Benedict Jacka’s ‘Veiled’, the sixth novel in the Alex Verus series more than makes up for my disappointment with the previous installment ‘Hidden‘. The thing that I absolutely love about the Alex Verus books is that with each installment Benedict Jacka comes up with a new angle to look at the magical world he has created; it is that innovation and development that I really love, because there is nothing I hate more in a fantasy series than being bored. Even with ‘Hidden’ I wasn’t bored, even if I wasn’t as enthused with it has I had been with the first four books.

‘Veiled’ though opens up a whole new can of worms for Benedict Jacka to explore. Like ‘Chosen‘ this is one of those books I was hoping that Jacka was going to write at some point. ‘Chosen’ was about Alex’s past and about how that has made him into the character that I have come to love. ‘Veiled’ is about the present and about the future developments of his world, because this one is about the politics of the magical world.

From the very beginning of the series, it has been hinted at throughout the books that the politics of the Council and the various factions that exist can be very complicated. However, because Alex was an outsider it has never really been vital to know more about the complexity of the Council’s politics. ‘Veiled’ is all about that politics and the beginnings to develop it as part of the series. It has given ‘Veiled’ the much needed boost in innovation that I found a bit lacking in ‘Hidden’.

And it is utterly brilliant.

The Alex Verus books can be characterised as being a quick-paced urban fantasy thriller and ‘Veiled’ is no different. It is a page turner in every sense of the word, and very nearly kept me up far later than it should have done one night because I didn’t want to put it down to do something as trivial as sleep.

From the very first book ‘Fated‘, Alex has had to struggle as an independent while the events around him were manipulated by the various Light and Dark factions. He has pretty much had to survive on his own, usually only just and only because his divination and his loyal friends have been able to help him survive. In ‘Veiled’ though Alex Verus is no longer as independent as he once was; he’s now part of the Keepers, a police-like force that upholds the Concord and answers to the Council.

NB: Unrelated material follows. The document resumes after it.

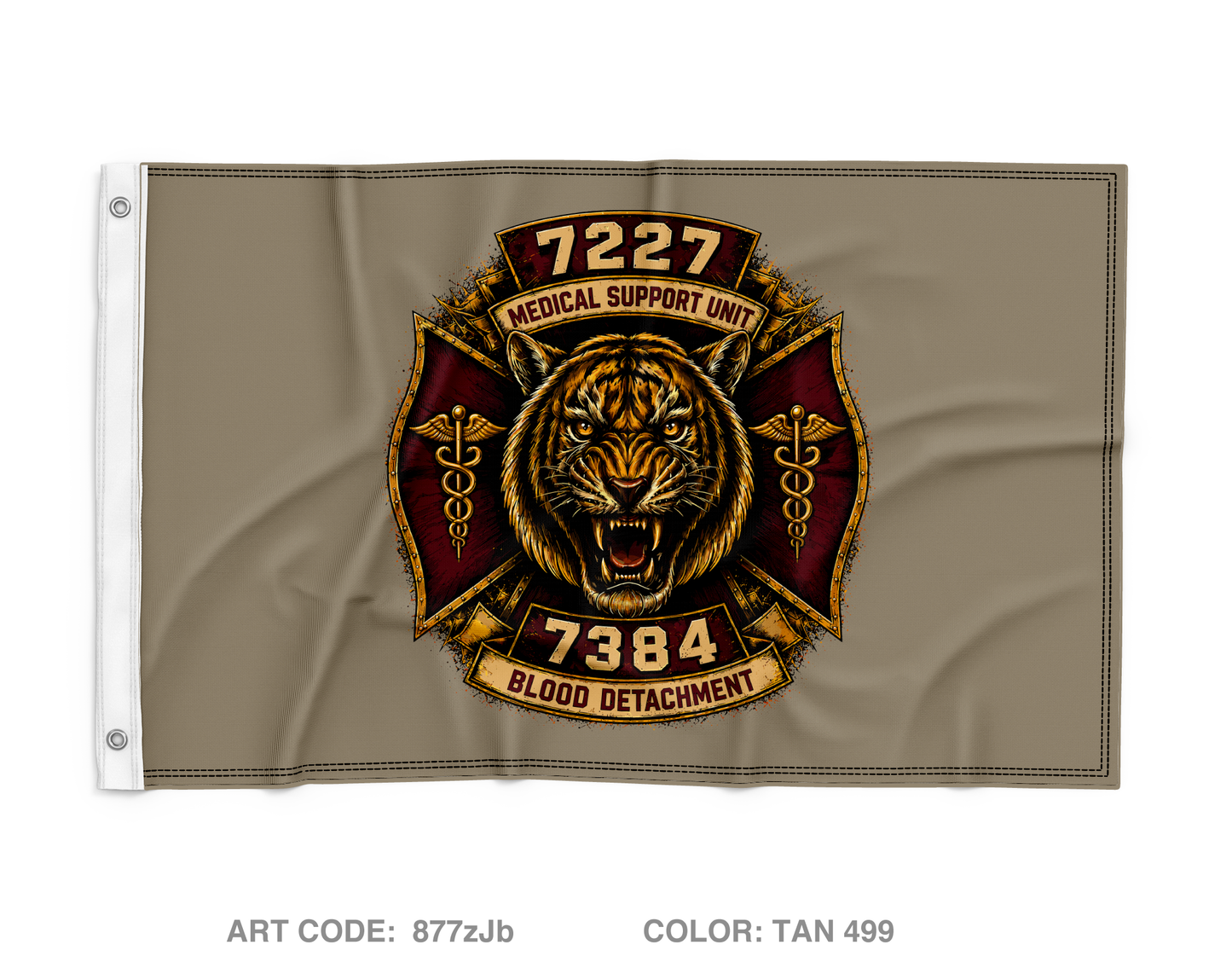 7227 Medical Support Unit / 7384 Blood Detachment Wall Flag - 877zJb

In previous books it has been hinted at that the Keeper’s aren’t quite like the police force we would know; the complexity of the magical law means that they don’t just go after criminals who say commit murder or kidnap people. It very much depends on who was killed, why and whether there was a faction of the Council that want to pursue the criminal or whether even under magical law they are even deemed to have done something wrong at all.

In ‘Hidden’ Anne Walker disappearance wasn’t really the concern of the Keepers, who didn’t fully commit to finding her even when attempts at linking her disappearance to a known and wanted criminal would have made it their priority. Alex has no choice but save Anne himself, which leads him to seeing his old master again.

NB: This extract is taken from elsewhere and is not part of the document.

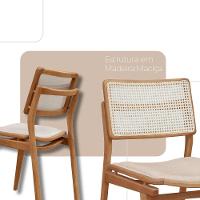 Conjunto Com 2 Cadeiras Madeira Eva Premium Linho Off Imbuia Natural - 3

In ‘Veiled’ though in order to try and help protect himself and his friends from his old master, Alex joins the Keepers and is thrown head-first into the complicated politics of the magical world, where he no longer can go ahead and do what is right if those aren’t his orders. He also has to contend with the fact that as an ex-Dark Mage not everyone trusts him, because to them ‘once a Dark always a Dark.

So when he’s given a small seemingly unimportant job to go and investigate, and then finds himself right in the middle of the trouble and a massive political battleground, Alex has to watch his back, because not only does he have to follow orders (which he struggles with when he disagrees with them) he also has to contend with the possibility that his own colleagues might get ordered to kill him in order to keep him quiet.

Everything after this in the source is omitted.